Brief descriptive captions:
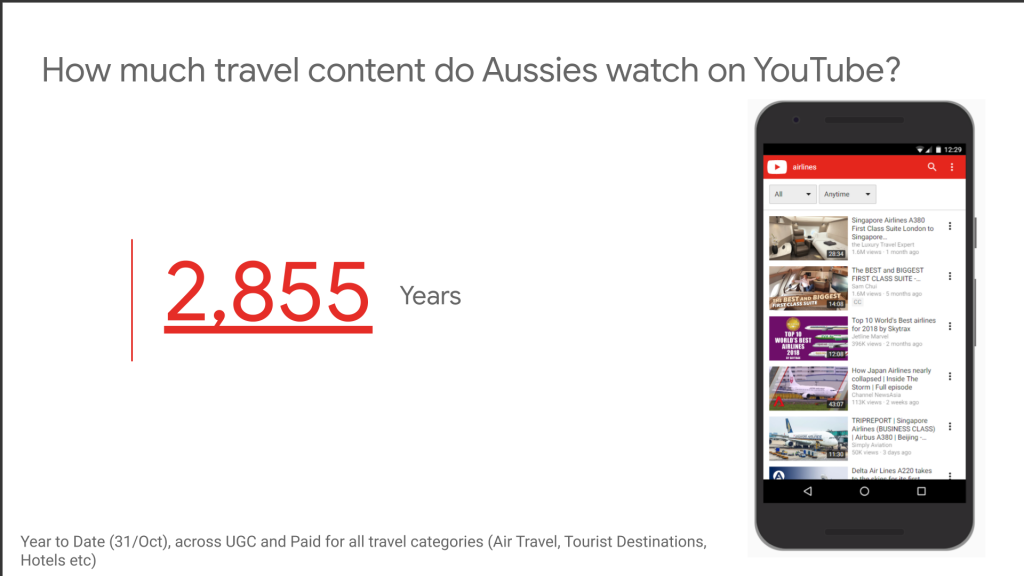 How to Grow Your Travel Brand Online with Google - How much travel content do Aussies watch on YouTube?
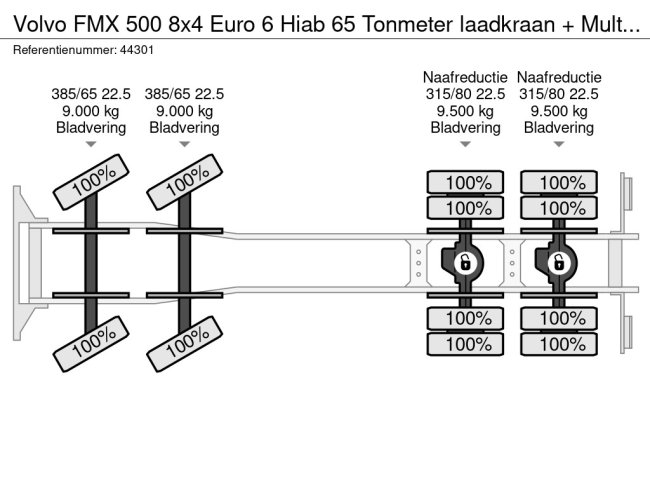 Volvo  FMX 500 8x4 Euro 6 Hiab 65 Tonmeter laadkraan + Multilift 25 Ton haakarmsysteem NEW AND UNUSED! (31)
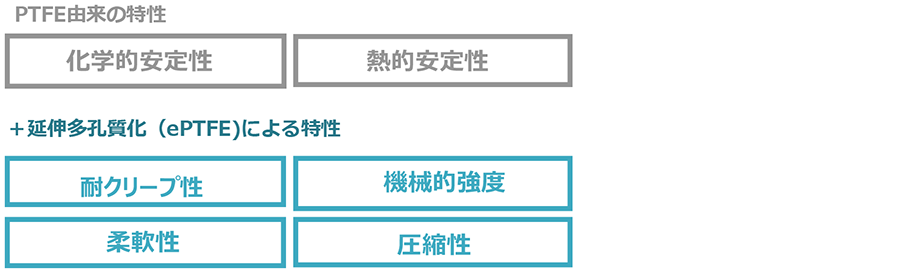 PTFE由来の特性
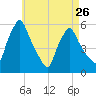 Gardiner tide chart for Friday, April 26, 2024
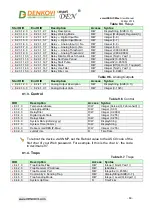 Preview for 60 page of Denkovi smartDEN IP-Maxi User Manual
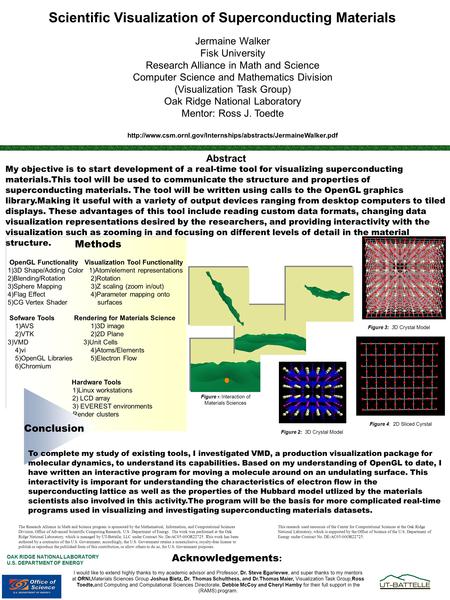 Methods  OpenGL Functionality Visualization Tool Functionality 1)3D Shape/Adding Color1)Atom/element representations 2)Blending/Rotation 2)Rotation 3)Sphere.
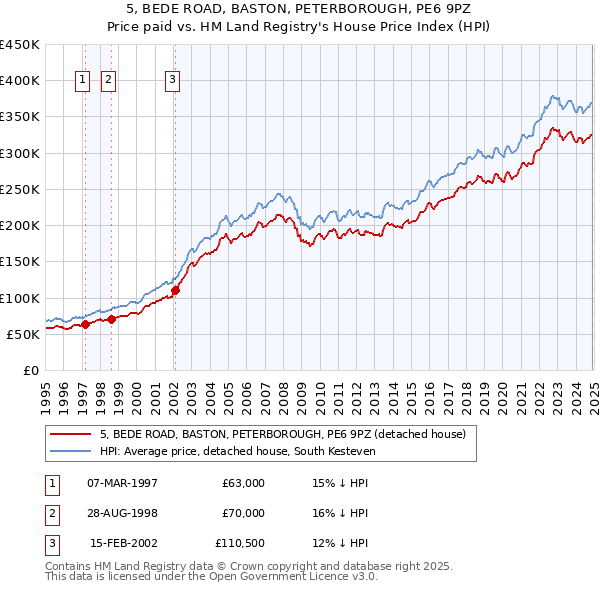 5, BEDE ROAD, BASTON, PETERBOROUGH, PE6 9PZ: Price paid vs HM Land Registry's House Price Index
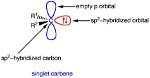 Is Singlet Carbene Paramagnetic?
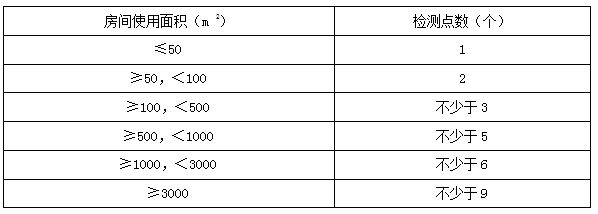 二建建筑實務(wù)考點44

• **Exercise goal**:
Please set the records down again exactly as written. The pictures should not be included.

• **Your response**:
 How to Grow Your Travel Brand Online with Google - How much travel content do Aussies watch on YouTube?
 Volvo  FMX 500 8x4 Euro 6 Hiab 65 Tonmeter laadkraan + Multilift 25 Ton haakarmsysteem NEW AND UNUSED! (31)
 PTFE由来の特性
 Gardiner tide chart for Friday, April 26, 2024
 Preview for 60 page of Denkovi smartDEN IP-Maxi User Manual
 Methods  OpenGL Functionality Visualization Tool Functionality 1)3D Shape/Adding Color1)Atom/element representations 2)Blending/Rotation 2)Rotation 3)Sphere.
 5, BEDE ROAD, BASTON, PETERBOROUGH, PE6 9PZ: Price paid vs HM Land Registry's House Price Index
 Is Singlet Carbene Paramagnetic?
 二建建筑實務(wù)考點44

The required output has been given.